Joan Evans (born July 18, 1934) is an American film actress.

Career[edit]

Evans appeared in three movies with actor Farley Granger. Her first film with him was as the title role in Roseanna McCoy (1949), based on the real-life romance between two members of the Hatfield-McCoy feud. She gained the role after producer Samuel Goldwyn conducted a national talent search. She was only fourteen years old when she started work on Roseanna McCoy, and her parents added two years to her age so she could claim to be sixteen when the film was released.

Her parents were Hollywood writers Dale Eunson and Katherine Albert. Her father wrote the book The Day They Gave Babies Away, which was made into the movie All Mine to Give (1957). She was named after actress Joan Crawford, her godmother. When Evans was seventeen years old, she announced that she would marry a car salesman named Kirby Weatherly.

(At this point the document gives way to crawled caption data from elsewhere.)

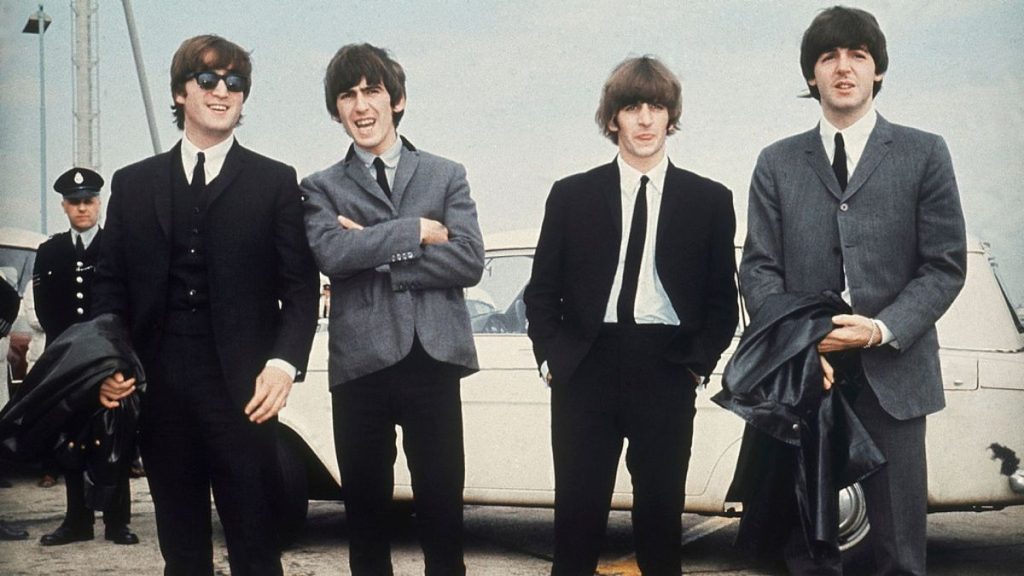 The Beatles, from left, John Lennon, George Harrison, Ringo Starr and Paul McCartney arrive in Liverpool, England on July 10, 1964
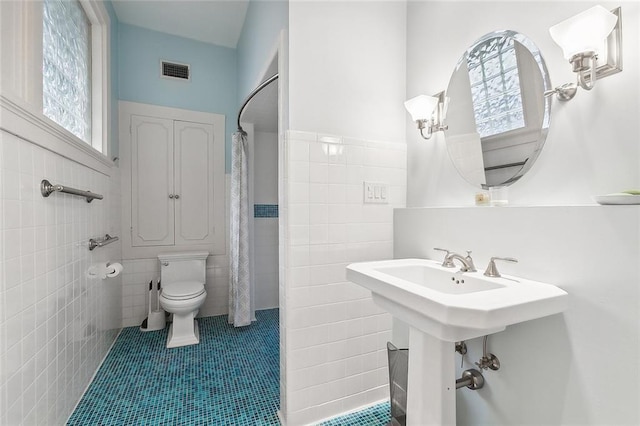 bathroom with tile patterned flooring, toilet, plenty of natural light, and tile walls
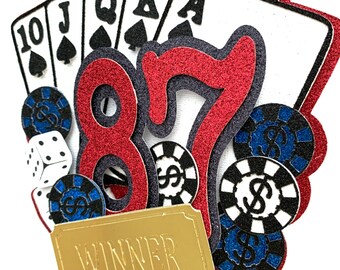 May include: A red and black glitter cake topper with the numbers 87, playing cards, dice, and poker chips. The topper also includes a gold ticket with the word "WINNER" printed on it.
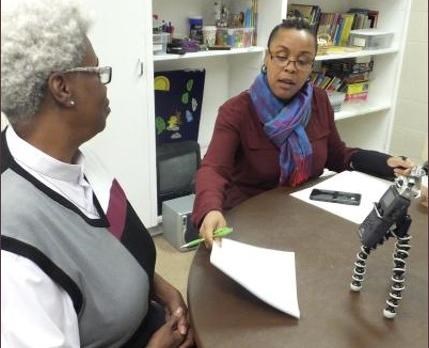 Two people are seated at a table in front of an audio recorder. One woman hands a paper and pen to the other.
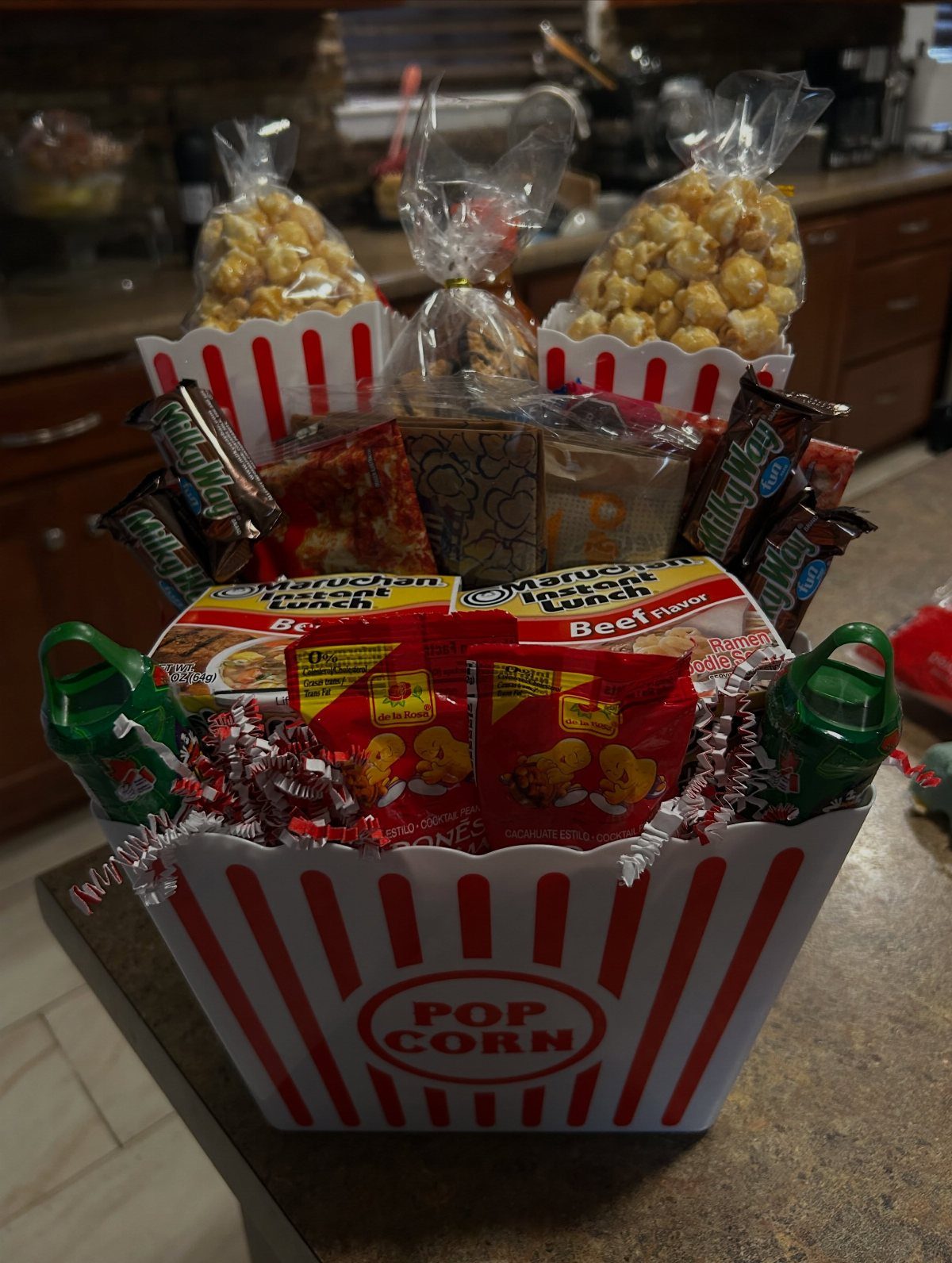Popcorn-shaped gift basket filled with popcorn, candy, and snacks on a counter.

Her parents asked Crawford to dissuade her from marrying, since Evans was so young, but Crawford not only gave the couple her blessing, she had the wedding ceremony performed right in her own house without having the parents present. Evans's marriage to Weatherly lasted, but the friendship between Evans's parents and Crawford ended.

In 1984, Joan Evans and her husband signed a tribute to Crawford in Daily Variety.[1]

Evans' film career was launched with her three pictures opposite Granger, including a supporting role in the drama Our Very Own and a featured part in the crime story Edge of Doom. She had top billing as a suicidal teenager in 1951's drama On the Loose, then second billing to Esther Williams in a 1952 musical comedy, Skirts Ahoy!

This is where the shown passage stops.